The company was served with the complaint, filed by the City of
Ann Arbor Employees' Retirement System, individually and on
behalf of others similarly situated, on July 7, 2008.

The suit purports to be a class action on behalf of those who
purchased the company's common stock between Feb. 7, 2007, and
Sept. 18, 2007, except officers and directors of the company.

It alleges that the company issued press releases during the
class period that were materially false and misleading because
the company allegedly had no reasonable basis for the earnings
projections contained in the press releases, and that such
information caused the market price of the company's common
stock to be artificially inflated.

The complaint also names certain company officers as individual
defendants and seeks an unspecified amount of damages plus
interest and attorneys' fees.

The company reported no development in the matter in its Oct.
29, 2008 Form 10-Q Filing with the U.S. Securities and Exchange
Commission for the quarter ended Sept. 28, 2008.
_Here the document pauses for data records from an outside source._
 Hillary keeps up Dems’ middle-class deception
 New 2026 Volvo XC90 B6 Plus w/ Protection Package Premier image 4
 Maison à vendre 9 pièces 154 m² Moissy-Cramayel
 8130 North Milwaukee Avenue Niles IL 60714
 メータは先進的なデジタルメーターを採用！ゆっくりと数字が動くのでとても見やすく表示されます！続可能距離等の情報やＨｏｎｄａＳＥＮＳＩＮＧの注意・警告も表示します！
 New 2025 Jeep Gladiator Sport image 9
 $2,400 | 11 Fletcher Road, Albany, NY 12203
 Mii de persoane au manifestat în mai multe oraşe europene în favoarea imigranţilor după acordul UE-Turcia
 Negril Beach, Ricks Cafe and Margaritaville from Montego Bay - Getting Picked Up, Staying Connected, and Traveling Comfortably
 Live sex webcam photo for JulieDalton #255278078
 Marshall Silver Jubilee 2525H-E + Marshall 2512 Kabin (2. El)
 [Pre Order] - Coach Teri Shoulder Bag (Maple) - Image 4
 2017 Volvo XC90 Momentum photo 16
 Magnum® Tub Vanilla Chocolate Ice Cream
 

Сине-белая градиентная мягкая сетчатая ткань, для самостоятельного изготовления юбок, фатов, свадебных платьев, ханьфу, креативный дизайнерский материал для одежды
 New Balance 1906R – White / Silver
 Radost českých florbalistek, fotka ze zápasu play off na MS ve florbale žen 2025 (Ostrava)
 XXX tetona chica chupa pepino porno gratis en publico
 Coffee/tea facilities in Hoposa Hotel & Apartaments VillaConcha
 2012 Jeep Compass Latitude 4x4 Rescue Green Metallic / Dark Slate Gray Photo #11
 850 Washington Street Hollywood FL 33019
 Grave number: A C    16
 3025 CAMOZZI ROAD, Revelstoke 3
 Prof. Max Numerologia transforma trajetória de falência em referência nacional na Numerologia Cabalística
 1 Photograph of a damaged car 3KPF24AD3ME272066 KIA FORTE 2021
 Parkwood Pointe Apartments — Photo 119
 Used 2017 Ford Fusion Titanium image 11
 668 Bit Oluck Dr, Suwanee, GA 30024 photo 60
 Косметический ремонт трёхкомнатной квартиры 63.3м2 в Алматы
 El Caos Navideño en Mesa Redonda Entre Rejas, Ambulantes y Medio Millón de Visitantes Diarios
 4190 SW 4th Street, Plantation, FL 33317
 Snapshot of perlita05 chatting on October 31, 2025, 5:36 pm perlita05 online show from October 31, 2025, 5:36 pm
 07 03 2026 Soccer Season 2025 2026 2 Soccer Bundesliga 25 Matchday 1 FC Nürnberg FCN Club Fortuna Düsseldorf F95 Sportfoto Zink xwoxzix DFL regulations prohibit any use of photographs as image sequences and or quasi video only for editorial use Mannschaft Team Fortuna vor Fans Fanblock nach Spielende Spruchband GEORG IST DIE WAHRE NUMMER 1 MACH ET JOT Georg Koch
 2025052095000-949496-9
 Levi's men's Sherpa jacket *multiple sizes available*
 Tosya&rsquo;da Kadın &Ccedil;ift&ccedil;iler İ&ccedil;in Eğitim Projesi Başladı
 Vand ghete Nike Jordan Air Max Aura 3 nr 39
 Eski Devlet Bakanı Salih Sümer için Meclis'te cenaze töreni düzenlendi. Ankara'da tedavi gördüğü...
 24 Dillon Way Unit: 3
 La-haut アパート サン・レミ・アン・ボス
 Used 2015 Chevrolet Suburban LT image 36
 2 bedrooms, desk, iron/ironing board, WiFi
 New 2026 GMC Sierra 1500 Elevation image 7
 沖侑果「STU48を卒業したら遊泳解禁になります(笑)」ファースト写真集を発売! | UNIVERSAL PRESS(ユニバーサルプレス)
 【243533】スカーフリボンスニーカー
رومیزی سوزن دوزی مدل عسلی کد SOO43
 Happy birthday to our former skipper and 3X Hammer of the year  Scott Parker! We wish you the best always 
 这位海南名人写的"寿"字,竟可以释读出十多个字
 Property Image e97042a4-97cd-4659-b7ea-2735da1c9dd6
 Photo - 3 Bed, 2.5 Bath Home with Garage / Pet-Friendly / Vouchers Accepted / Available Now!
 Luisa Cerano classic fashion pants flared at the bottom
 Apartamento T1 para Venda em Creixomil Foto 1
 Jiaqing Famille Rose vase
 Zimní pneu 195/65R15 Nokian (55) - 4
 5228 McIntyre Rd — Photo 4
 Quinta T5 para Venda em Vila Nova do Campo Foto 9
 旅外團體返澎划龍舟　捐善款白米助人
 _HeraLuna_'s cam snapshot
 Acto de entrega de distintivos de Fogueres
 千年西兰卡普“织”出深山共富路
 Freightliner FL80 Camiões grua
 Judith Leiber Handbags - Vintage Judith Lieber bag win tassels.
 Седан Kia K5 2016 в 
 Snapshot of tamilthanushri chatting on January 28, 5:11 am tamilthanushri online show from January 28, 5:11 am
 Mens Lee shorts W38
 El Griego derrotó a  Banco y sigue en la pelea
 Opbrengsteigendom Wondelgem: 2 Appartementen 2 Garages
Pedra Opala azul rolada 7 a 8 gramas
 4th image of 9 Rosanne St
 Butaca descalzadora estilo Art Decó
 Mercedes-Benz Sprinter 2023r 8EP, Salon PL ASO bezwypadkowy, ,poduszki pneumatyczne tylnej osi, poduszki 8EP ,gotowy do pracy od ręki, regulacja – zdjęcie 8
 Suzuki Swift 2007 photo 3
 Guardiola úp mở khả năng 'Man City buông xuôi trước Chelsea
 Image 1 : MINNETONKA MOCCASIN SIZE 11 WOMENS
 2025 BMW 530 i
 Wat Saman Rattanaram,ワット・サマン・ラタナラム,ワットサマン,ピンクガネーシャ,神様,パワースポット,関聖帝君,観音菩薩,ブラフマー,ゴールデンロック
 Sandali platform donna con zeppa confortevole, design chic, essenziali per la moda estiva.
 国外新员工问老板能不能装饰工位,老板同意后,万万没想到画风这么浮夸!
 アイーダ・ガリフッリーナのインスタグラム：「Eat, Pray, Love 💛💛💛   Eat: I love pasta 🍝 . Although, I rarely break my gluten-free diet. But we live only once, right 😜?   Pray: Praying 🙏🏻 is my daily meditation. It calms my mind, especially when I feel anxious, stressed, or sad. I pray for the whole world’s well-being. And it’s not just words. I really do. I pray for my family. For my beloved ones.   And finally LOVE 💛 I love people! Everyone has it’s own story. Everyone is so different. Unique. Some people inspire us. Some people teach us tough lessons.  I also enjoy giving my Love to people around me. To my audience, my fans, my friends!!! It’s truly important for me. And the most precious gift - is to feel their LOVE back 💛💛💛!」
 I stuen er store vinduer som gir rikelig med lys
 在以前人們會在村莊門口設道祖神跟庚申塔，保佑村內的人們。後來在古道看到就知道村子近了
The suit is "Ann Arbor Employees' Retirement System, City of v.
Sonoco Products Company et al., Case No. 4:2008cv02348," filed
in the U.S. District Court for the District of South Carolina,
Judge Terry L. Wooten, presiding.

Representing the plaintiffs is:

          William E. Hopkins, Jr., Esq.
          (wehopkins@hopkinscampbell.com)
          Hopkins and Campbell
          P.O. Box 11963
          Columbia, SC 29211
          Phone: 803-256-6152
          Fax: 803-256-6155

Representing the defendants is:

          William Clarence Boyd, Esq. (bboyd@hsblawfirm.com)
          Haynsworth Sinkler Boyd
          P.O. Box 11889
          Columbia, SC 29211-1889
          Phone: 803-779-3080
          Fax: 803-765-1243


VISTAPRINT LTD: Faces Several Lawsuits Over Membership Discounts
----------------------------------------------------------------
VistaPrint, Ltd., and its subsidiaries are facing several
purported class-actions lawsuits in various federal courts in
connection with certain membership discount programs, according
to the company's Oct. 29, 2008 Form 10-Q filing with the U.S.
Securities and Exchange Commission for the quarter ended Sept.
30, 2008.

                        Texas Litigation

On July 29, 2008, a purported class action lawsuit was filed in
the U.S. District Court for the Southern District of Texas
against VistaPrint Corp., VistaPrint USA, Inc., Vertrue, Inc.
and Adaptive Marketing, LLC.

Adaptive Marketing, LLC is a Vertrue, Inc. company that provides
subscription-based membership discount programs, including
programs that are offered on the company's VistaPrint.com
website (Vertrue, Inc. and Adaptive Marketing, LLC are sometimes
collectively referred to herein as the Vertrue Defendants).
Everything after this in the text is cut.